Post by michael mills » 15 Aug 2009, 03:04

the fleeing escapees were somehow accidentally shot by the SS in all the confusion.
The fleeing escapees were not shot accidentally. Presumably Diekmann had given orders to his men to shoot any of persons imprisoned in the church who tried to escape to the outside through the doors or windows of the building.

The statement by Otto Kahn, given in 1962, suggests that Diekman's plan may have been to set off a small explosive device in the church for the purpose of panicking the women and children imprisoned there into trying to escape from the building, and thereby giving the German soldiers guarding them a quasi-legitimate reason for shooting the escapees.

The question remains whether Diekmann had revealed such a plan to the men of his unit, in which case those men would be complicit in a criminal conspiracy to kill innocent civilians and give it a quasi-legal cover. It is possible that he did not reveal that plan to his men, or not all of them, but just told them to keep the women and children imprisoned in the church and shoot them if they tried to escape.

Given that many of the participants in the masscre were killed in action shortly thereafter, including Diekmann, and only about 10% of those participants were ever brought to trial where they could be questioned, it remains unknown whether the men of the Waffen-SS unit entered Oradour in the full knowledge that their task was to kill everyone found in the village, or whether they thought that they would be carrying out a reprisal action involving the execution of the adult men, with the women and children being imprisoned and then released, or perhaps taken to a prison or internment camp.

Kahn's testimony suggests that the explosion in the church was much larger than intended by Diekmann, which lends support to the thesis that combustible materials were stored in the church and ignited by the smaller charge set off under Diekmann's presumed plan.

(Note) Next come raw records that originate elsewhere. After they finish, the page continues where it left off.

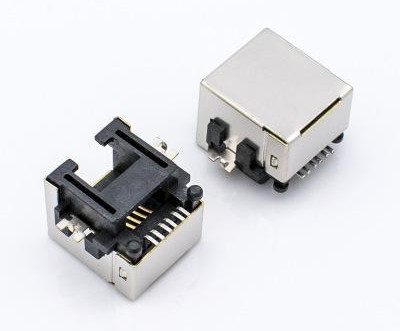 RJ11 Modular Jack,Shielded, SMT， Offset Telephone Jack 6P6C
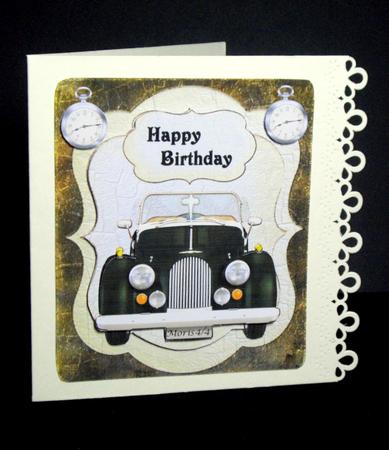 Scallop Vintage Car Male Card by Dianne Jackson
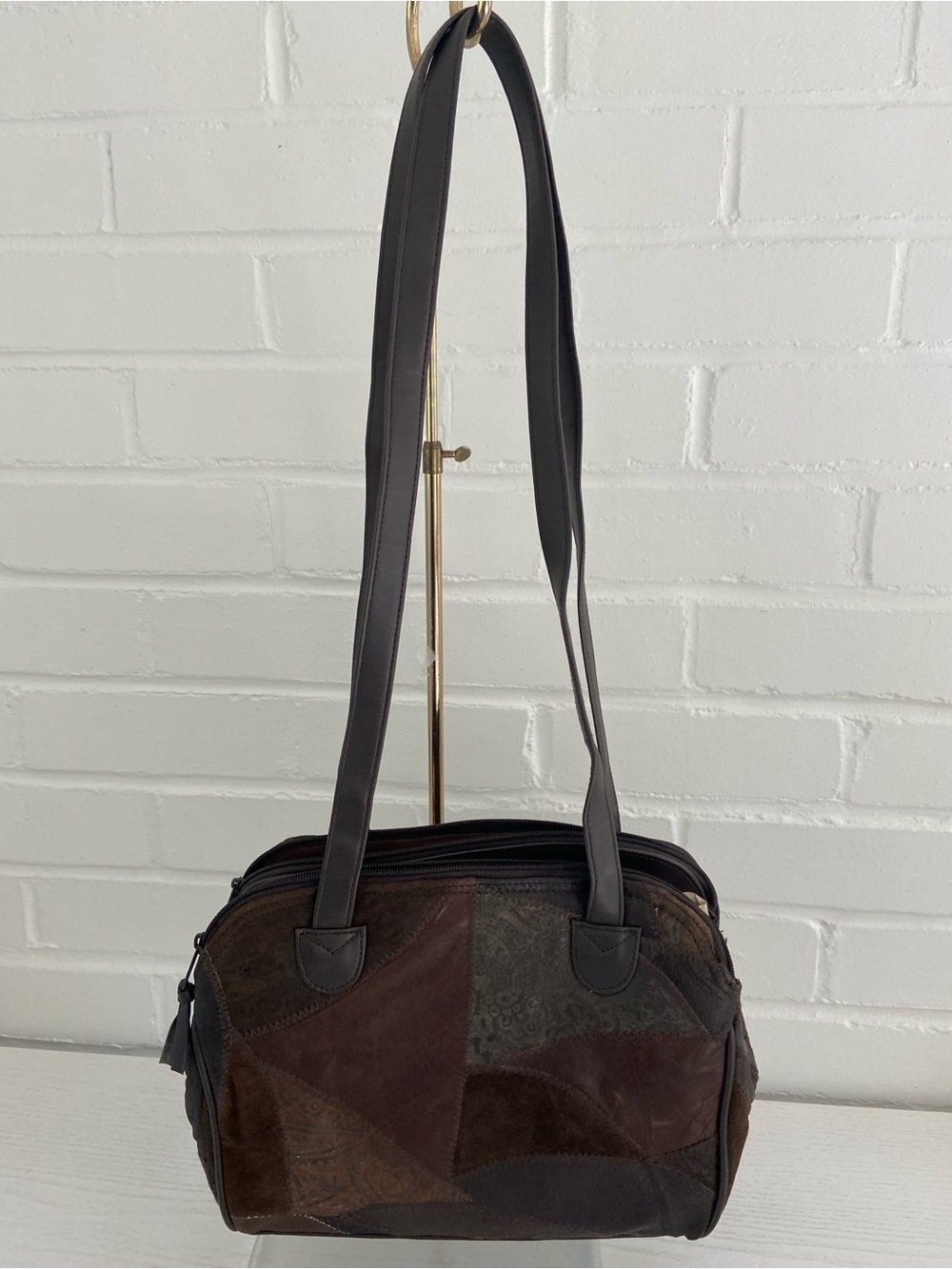 new with tags classic retro vintage brown leather shoulder purse from kmart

It seems to me that the most reasonable interpetation of the events at Oradour is that they were the result of a number of unrelated elements; the original German orders to take hostages, Diekmann's own personal plan (contrary to his orders), to instigate a huge massacre for reasons unknown, possible involvement of some of the village's residents in insurgent activity, including the hiding of ammunition or other supplies. From these unrelated elements, the opposing sides have taken those elements that best support their respective cases, thereby distorting an objective interpretation.

The unit followed the normal pattern of village reprisal that had been executed hundreds of times in Russia
It was not normal practice in France. Furthermore, no orders had been issued for a reprisal against Oradour, only an order to take hostages.

A large number of the participants in the massacre were recauits from Alsace. How many of them had served in occupied Soviet territory? How many of them had taken part in anti-partisan warfare on the Eastern Front?

I do not think it is a case of a unit that had become experienced in this sort of massacre, and were simply doing what they had done many times before.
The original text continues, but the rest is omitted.